組織の仕事の仕組み(マネジメントシステム)が国際規格に適合し、有効に機能しているかを第三者が審査し、世間に公表するISOマネジメントシステム認証制度がある。

 

このISOマネジメントシステムについて、最近、個人的に気になっている点を備忘録代わりに、何回かに分けて少しまとめておきたい。

 

今回のテーマは、「認証範囲の表記と関連事業所の活動」について。

 

ISOマネジメントシステム認証制度では、組織が認証審査を通じてマネジメントシステム規格への適合性を証明されると適合組織として「登録証(認証文書)」が認証機関から発行されます。

また、同時に、認証機関のウェブサイトや認証機関が認定を受けている認定機関のウェブサイトを通じて、「適合組織」情報が公開(※公開を望まない場合は、認証機関を通じて非公開を申請)されます。

 

ISOマネジメントシステム認証を商取引の条件や取引先の選定基準にされている購入組織にとっては、「適合組織情報」を重要です。

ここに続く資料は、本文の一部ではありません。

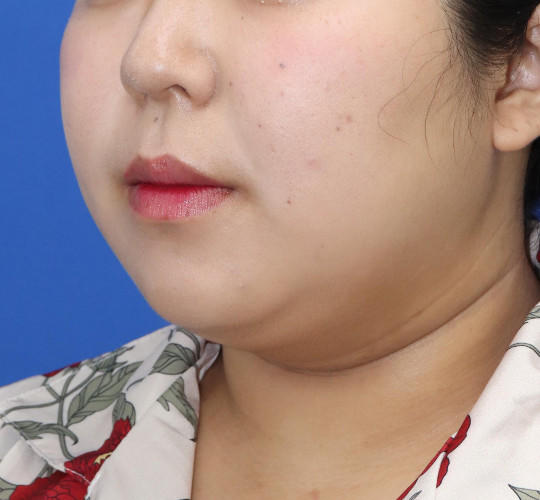 20代女性の顔の脂肪吸引  Before 症例写真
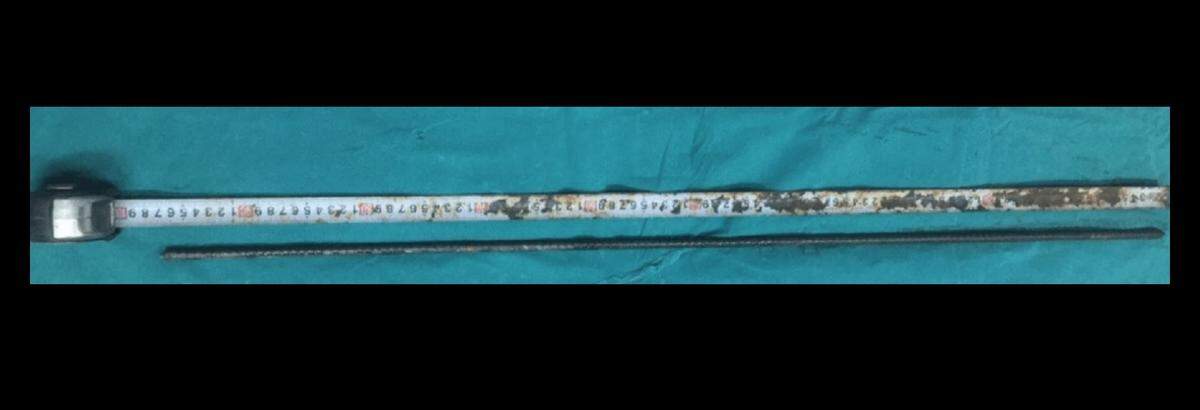 The iron rod had a small diameter that helped minimize the brain damage it caused.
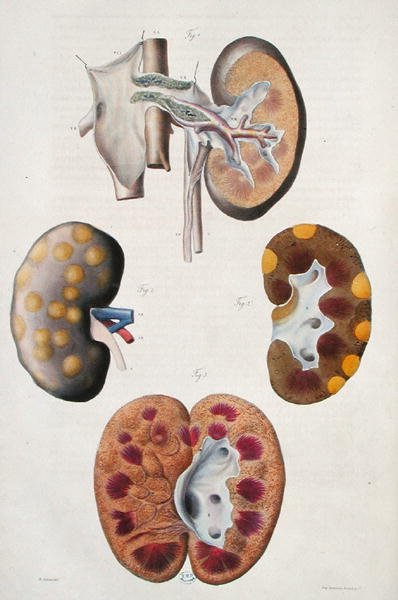 Diseases of the kidneys, from 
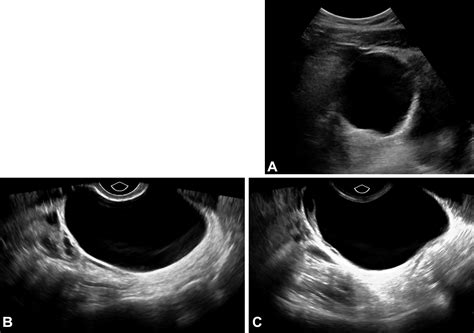 Benign-appearing Incidental Adnexal Cysts at US, CT, and MRI: Putting the ACR, O-RADS, and SRU ...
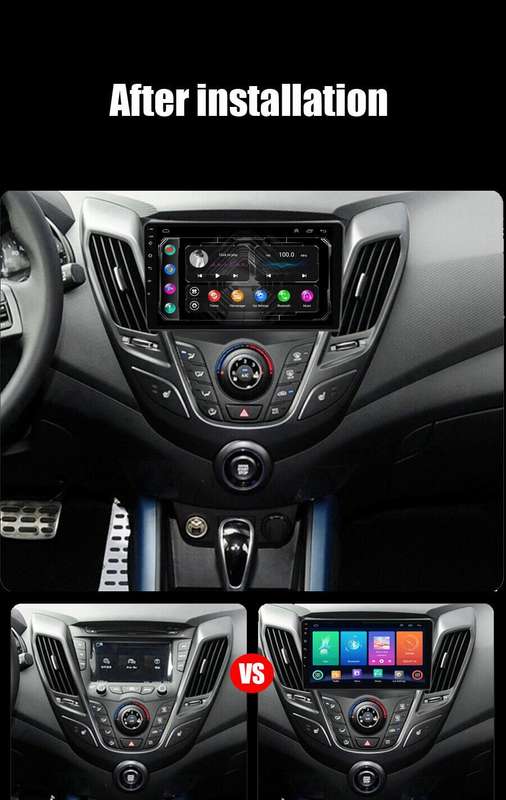 For Hyundai Veloster FS 2011-2017 DAB+ Android Auto Radio GPS Navigation CarPlay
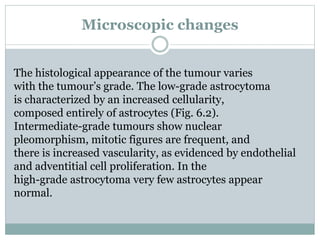Microscopic changes
The histological appearance of the tumour varies
with the tumour’s grade. The low-grade astrocytoma
is characterized by an increased cellularity,
composed entirely of astrocytes (Fig. 6.2).
Intermediate-grade tumours show nuclear
pleomorphism, mitotic figures are frequent, and
there is increased vascularity, as evidenced by endothelial
and adventitial cell proliferation. In the
high-grade astrocytoma very few astrocytes appear
normal.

ちなみに、私は、「健康診断」と「機密文書の溶解処理」を発注する際に「ISO適合組織」から選びました。

このように、適合組織情報は、「適合組織が外部に提供する製品またはサービス」が適切に表現されている必要があります。

 

つまり、原則的な考え方としては、「認証範囲の表記」は、「組織が提供する製品またはサービス」となります。

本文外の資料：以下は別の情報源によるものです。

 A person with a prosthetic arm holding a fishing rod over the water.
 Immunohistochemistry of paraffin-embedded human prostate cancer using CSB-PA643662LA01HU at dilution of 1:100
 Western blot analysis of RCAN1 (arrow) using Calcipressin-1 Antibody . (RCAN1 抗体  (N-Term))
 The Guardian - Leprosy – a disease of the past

適合組織情報を見ていて気になるのは「その組織の内部プロセスがあたかも外部に提供される製品のように表記されているケース」です。

 

例えば、悪いかもしれませんが、「照明器具」を設計・製造している組織が認証されたとします。

その場合の認証表記は「照明器具の設計・製造」とするのが一般的です。

しかし、その組織には、本社と工場が4つあるとして、各拠点の活動を以下とします。

・本社:照明器具の設計、販売

・A工場:電球の製造

・B工場:ソケットの製造

・C工場:照明器具の架台の製造

・D工場:照明器具の組立

この場合、「電球」や「ソケット」を組織外部に製品として提供していれば、この組織の製品は、

・照明器具及び電球、ソケットの設計・製造

です。

けれども、「A工場で製造する電球」、「B工場で製造するソケット」は、「D工場で組立される照明器具の部品としてのみ製造される」ケースは、組織として外部提供される製品は、あくまでも「照明器具」で認証範囲の表記に「電球、ソケット」が記載されていれば、それは誤りとなります。

 

この場合、組織内部では、D工場にとって、A工場の電球やB工場のソケットは「製品」ですが、組織外部からすれば、電球もソケットも単なる「部品(半製品)」であって、製品ではありません。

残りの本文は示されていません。